Mas é também uma lição por toda a forma organizativa, muito bem construída, aberta à sociedade, ao contrário de outras que eu conheço no mundo. Dando a palavra aos estudantes, que era exactamente isso que devia ser feito, cabendo aos mais velhos serem, quando muito, comentadores e moderadores. Abrir o CES para fora e dar conta, de facto, da plenitude do trabalho que se faz naquele centro de investigação.
Esta iniciativa mostra bem a pujança desta instituição da Faculdade de Economia. E eu saúdo a presença do Professor José Murteira, aqui em representação do presidente do Conselho Directivo, e do Professor Carlos Fortuna, nosso investigador.
Quero salientar, antes de mais, a excelência do que estou a observar e que está presente em todos os detalhes. Um deles, por exemplo, é esse notável poster que já pedi, que eu preciso de um, quero um. É notável no título e no design que esteve por detrás desse título. São coisas pelas quais nós por vezes pagamos fortunas. Não sei quantas fortunas vocês pagaram, ao que sei nenhuma, para terem um poster de tanta qualidade, enquanto nós vamos, por vezes, pedir aos melhores designers e se calhar temo-los em casa e não os aproveitamos. Ou seja, uma contradição com o senhor Professor Boaventura de Sousa Santos que escreve livros contra o desperdício da experiência e depois a desperdiça dentro da própria casa! Acho que isto é uma grande lição para todos nós.

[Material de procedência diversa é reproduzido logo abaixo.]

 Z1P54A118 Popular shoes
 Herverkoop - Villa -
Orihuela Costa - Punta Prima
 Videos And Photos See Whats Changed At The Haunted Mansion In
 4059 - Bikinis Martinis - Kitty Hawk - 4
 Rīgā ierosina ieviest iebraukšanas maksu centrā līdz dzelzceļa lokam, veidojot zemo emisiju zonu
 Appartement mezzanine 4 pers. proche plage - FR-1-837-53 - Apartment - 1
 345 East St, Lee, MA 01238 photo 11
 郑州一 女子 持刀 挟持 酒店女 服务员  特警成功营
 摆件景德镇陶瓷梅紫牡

O título é absolutamente notável! Uma articulação do local e do global que não seria melhor, como metáfora do que estão a fazer. Encontrar “Coimbra C”: aquela que, sendo de escalas e transbordos, está para além das outras, precisamente porque é a estação que não existe. É aquilo que nós somos e onde ficamos, por algum tempo é certo, mas aí ficamos, para nos transformarmos por dentro e para transformarmos os outros por dentro e por fora, a nossa sociedade.
Queria-vos dizer duas ou três coisas que me vão no coração, que também me vão na alma, obviamente, mas são muito do coração. Estão muito juntas. Tivemos na semana passada um grande colóquio em Lisboa sobre a avaliação do Processo de Bolonha. Todos viram isso em páginas e páginas dos jornais, na televisão, etc. Quero dizer-vos que nós estamos aqui nesta sala, neste colóquio, a testemunhar o que há de melhor no Processo de Bolonha. Coimbra C é Bolonha A, por contraposição a Bolonha B, que é o gato por lebre que se está vender em Portugal como se fosse Processo de Bolonha.
O que se passa em Portugal é preocupante, apesar de os responsáveis estarem a tentar desenhar uma aguarela muito alegre dos acontecimentos. Como se nada fosse preocupante quando as universidades foram descapitalizadas, quando os professores estão num sistema perverso de Bolonha, em que os bons não podem ser melhores e em que os maus têm álibis para não parecerem aquilo que são. E isso continua como no sistema anterior. Mais, aumentou-se por vezes a rigidez. Aumentou-se o que deveria ser o contrário, que era a diversidade dos conteúdos, das opções, da personalização, da menor carga horária dos professores, da dignificação do ensino não expositivo e participativo, da possibilidade de estabelecermos contratos plurianuais com os professores que, durante um ano, ensinam mais e durante dois anos não ensinam porque estão a terminar um projecto. Tudo isso é possível em Bolonha. Está ser possível noutros países. Aqui não foi. Tradição burocrática, tradição ignorante, pouco conhecedora do que se está a passar no mundo. Tentou realmente fazer-se Bolonha pela rasteira. É o que domina no nosso país. E nós aqui na Faculdade também não estamos livres exactamente disso. Portanto, é bom que saibamos que as faculdades e as instituições são contraditórias e permitem isto. E isto é o melhor.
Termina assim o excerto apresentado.